Selena Roberts, writing for Sports on Earth, contends that Lolo Jones’ appeal, rather than ability, was the likely reason why she made the U.S. Women’s bobsled team going to Sochi.
It isn’t that NBC was involved in the decision. Rather, the selectors knews that Lolo would generate much more publicity for the women’s bobsled team than a more qualified candidate.
Noting that Lolo has 374,000 twitter followers, Roberts writes:
In close calls in Olympic sports, where some teams leave wiggle room in the rules on judgment day, U.S. Olympic officials tend to rely on Q scores. In figure skating, the close call went to Ashley Wagner over Mirai Nagasu despite the results at U.S. Nationals. This is what’s best for the team, skating officials said, a theme repeated by bobsled leaders, all echoing the same phony jargon that the Karolyi clan uses when choosing the last gymnast for U.S. teams.
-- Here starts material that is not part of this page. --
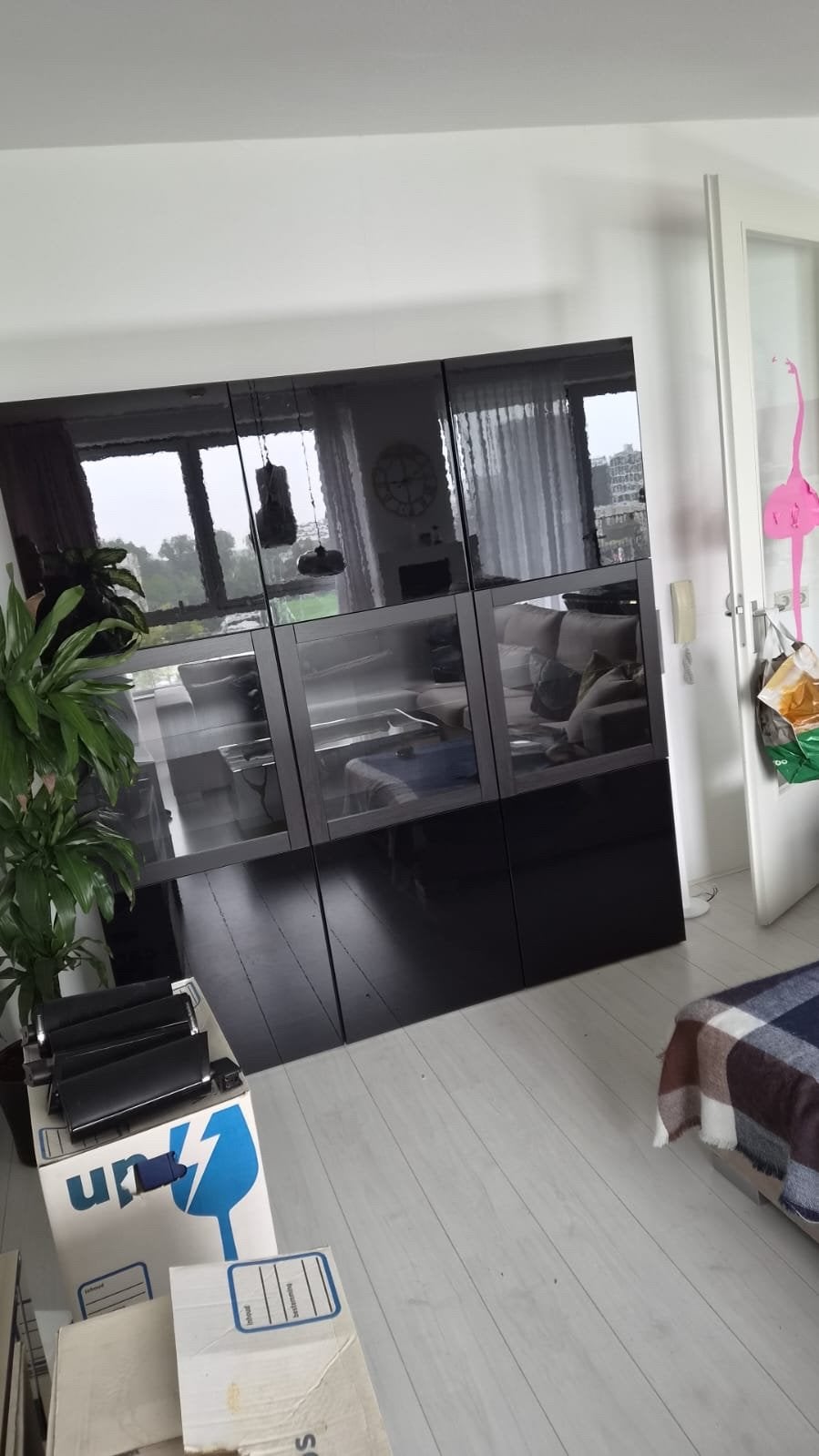 IKEA Besta Kast met Glazen Deuren en Legplanken, Ophalen, Gebruikt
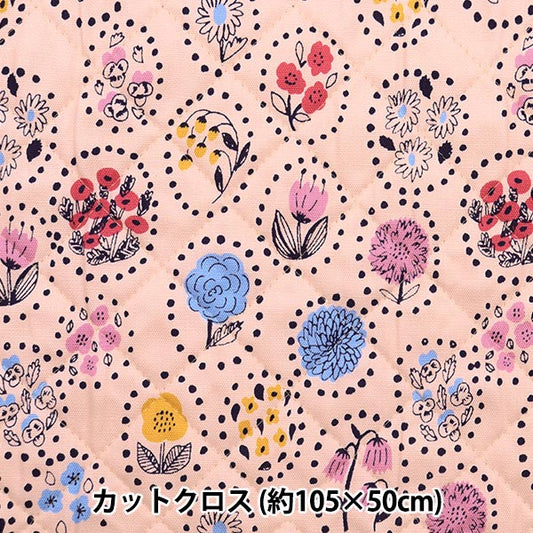 Fabric "kippis OxfordQuilt Cut Cloth Approx. 105 x 50cm Summer Flower Pink CQKPO-49F" 【Yuzawayaoriginal】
The Karolyi Method of subjective selection — honed by Bela and Martha as the relentless pushers of pixies — has always been designed with NBC in mind. It was U.S. gymnastics leaders who lured the Karolyi duo back into the fold after their 1996 Atlanta Games miracle team began slipping from relevance without them just three years later. As I reported for The New York Times in 2000, U.S. gymnastic officials acknowledged, in private, feeling the pressure to deliver for the peacock network, which hoped that the preening Bela would carry its coverage in Sydney in 2000. The team disintegrated, but the wreckage was a ratings hit.
NBC plays an unspoken role in the team politics of the Games. In 2002, as the marketed bobsled duo of Jean Racine and Jen Davidson — supposedly best friends forever — was scoring endorsement deals with Got Milk? ads and landing cereal sponsors, they jarred the media by splitting up just weeks before the Salt Lake Games. Mean Jean, as she became known, dumped Jen from the sled. At the time, Brian Shimer, a bobsled team fixture before he became the current U.S. men’s coach, told a reporter of the breakup, “I saw it coming. I just sat back and knew this was going to get good.”
Yep, get ready for another round of Lolo stories from Sochi.
It bothered me that Roberts’s article didn’t provide any evidence that Jones was picked unfairly, or that the longtime team member going as an alternate deserved to go instead of her. She might have been a bobsledding star at one time, but have her skills eroded? Was the team doing better with Jones? She had stuff she wanted to say about sex appeal and how little the actual sports might mean to NBC, but she didn’t do anything to prove her lead example.